CONTACT: Michele Clark
Vol. 45, No. 52
July 15, 2011
Public Meetings Are Underway to Discuss Higher Standards for Missouri Kids and Schools
Regional groups of educators, business and community leaders, parents, and students are meeting this summer to review and offer suggestions on proposed new standards for public schools.
The Department of Elementary and Secondary Education is conducting a series of public meetings in five locations throughout the state. The third and final round of meetings will take place next week: July 18 in Kansas City, Springfield and St. Louis; July 21 in Moberly; and July 22 in Poplar Bluff.
Participants were selected by a steering committee of statewide organizations representing key stakeholders.
Tom Rose, a business owner and local school board member from Columbia said he hopes the advisory groups will be able to provide DESE with concrete suggestions.
“The regional meetings have been a great opportunity for stakeholders to express their opinions openly, as well as for DESE to give more detailed explanations about the proposed MSIP rule changes,” said Rose, a participant in the Moberly advisory committee.
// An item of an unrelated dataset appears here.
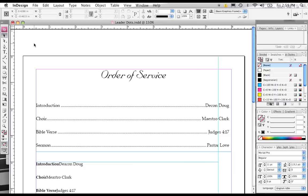Hi, this is Keith Young at Desktop Publishing Secrets Revealed, and in this tutorial, I'm going to cover the creation of leader dots inside of InDesign.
The Missouri School Improvement Program (MSIP) is the state’s system of school improvement and accrediting public schools. The standards have been reviewed and updated about every five years; this will be the fifth revision since the program’s inception in 1990.
“The first two meetings have been helpful and have provided excellent feedback,” said Chris L. Nicastro, Commissioner of Education. “Our meetings next week are designed to help us generate specific recommendations for consideration by the State Board of Education.”
At the St. Louis regional meetings, Kathy Frederking, director of the Lewis and Clark Career Center in St. Charles, has observed that participants are putting a lot of time and energy into the process because of the importance of their work.
“I am very honored and pleased we have been asked to serve on the advisory committees and to have the opportunity to express concerns and support things we agree on,” Frederking said. “I believe everyone is very concerned about the kids and their futures.”